Por: Andrés Julián Herrera Porras/ En medio del movimiento, el ruido y la espera, uno puede llegar a sentir que el viaje es también una especie de máquina del tiempo: desde la estación 7 de agosto hasta el Restrepo, bordeando la 1a de Mayo, pareciera que se retrocede y se avanza en distintas épocas de la ciudad, entre la promesa del metro recién anunciado y la precariedad de un sistema que sigue mostrando sus fracturas más hondas. Es un viaje que permite leer a Bogotá como un texto abierto, lleno de contradicciones, que pide ser interpretado con calma, aunque el vaivén de la vida urbana pocas veces nos dé ese respiro.
Lo primero que llama la atención en estas rutas es el anuncio que reposa en los tableros electrónicos: “Ha llegado el metro de Bogotá”. Un mensaje que, aunque cierto en términos de infraestructura, resulta casi irónico cuando se coloca sobre los letreros que deberían orientar a los pasajeros sobre la ruta que deben tomar. Es como si la ciudad nos dijera, con la crudeza que la caracteriza, que su mayor virtud está en anunciar promesas más que en cumplirlas. Ese desfase entre lo que se comunica y lo que realmente se necesita simboliza los errores de un sistema que parece diseñado más para producir discursos que para garantizar eficiencia. Porque mientras en los tableros brilla la ilusión del metro, en los pasillos de TransMilenio la gente sigue colándose, la seguridad se desgasta en una guerra perdida, y los ciudadanos aprendemos a movernos en un escenario donde la improvisación se convierte en norma.
Los colados son quizás el síntoma más visible de esta fractura. No se trata de una anécdota aislada ni de un par de personas que esquivan los torniquetes; se estima que cada año el sistema pierde más de 300.000 millones de pesos por esta práctica, lo que equivale a cerca del 20 % de sus ingresos totales. En 2023, según cifras oficiales, el déficit alcanzó los 1,2 billones, en buena medida explicado por quienes deciden no pagar el pasaje. Uno podría reducir el análisis a la vieja fórmula de la trampa individual que afecta al colectivo, pero la situación es más compleja. El colado no es solo un infractor, sino también un síntoma de una ciudadanía debilitada, de una sociedad que ha perdido confianza en sus instituciones y que siente que el sistema mismo es injusto. Desde Hobbes hasta Rousseau, la teoría política nos recuerda que el contrato social se sostiene cuando los individuos encuentran en las normas una expresión de justicia compartida. Cuando esa percepción desaparece, las reglas dejan de ser acatadas y el pacto se rompe.

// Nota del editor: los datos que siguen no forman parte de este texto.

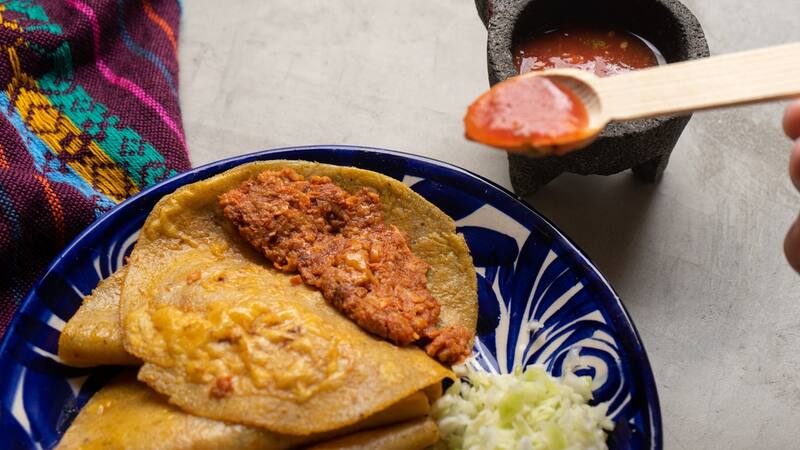 <div class="migrated-promo-image__description"><div class="migrated-promo-image__source">Fuente: Shutterstock</div></div>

En medio de este panorama, no deja de ser sugerente la propuesta que alguna vez circuló de abrir los torniquetes y financiar el transporte con un cobro fijo en los recibos públicos. Se trataba de una idea que, aunque nunca se concretó, ponía sobre la mesa una alternativa radical, transformar el transporte en un derecho garantizado para todos y no en un bien de mercado sujeto a evasiones, persecuciones y sanciones. Al fin y al cabo, la movilidad es uno de los pilares de la ciudadanía moderna, porque es el medio que permite ejercer otros derechos como el trabajo, el estudio, la participación en la vida política y cultural de la ciudad, entre otros. Pensadores contemporáneos como Martha Nussbaum han insistido en que la justicia debe pensarse en términos de capacidades reales, no solo de derechos abstractos. Si un ciudadano no puede moverse libremente porque el sistema es ineficiente, inseguro o inaccesible, su ciudadanía se reduce a una formalidad vacía.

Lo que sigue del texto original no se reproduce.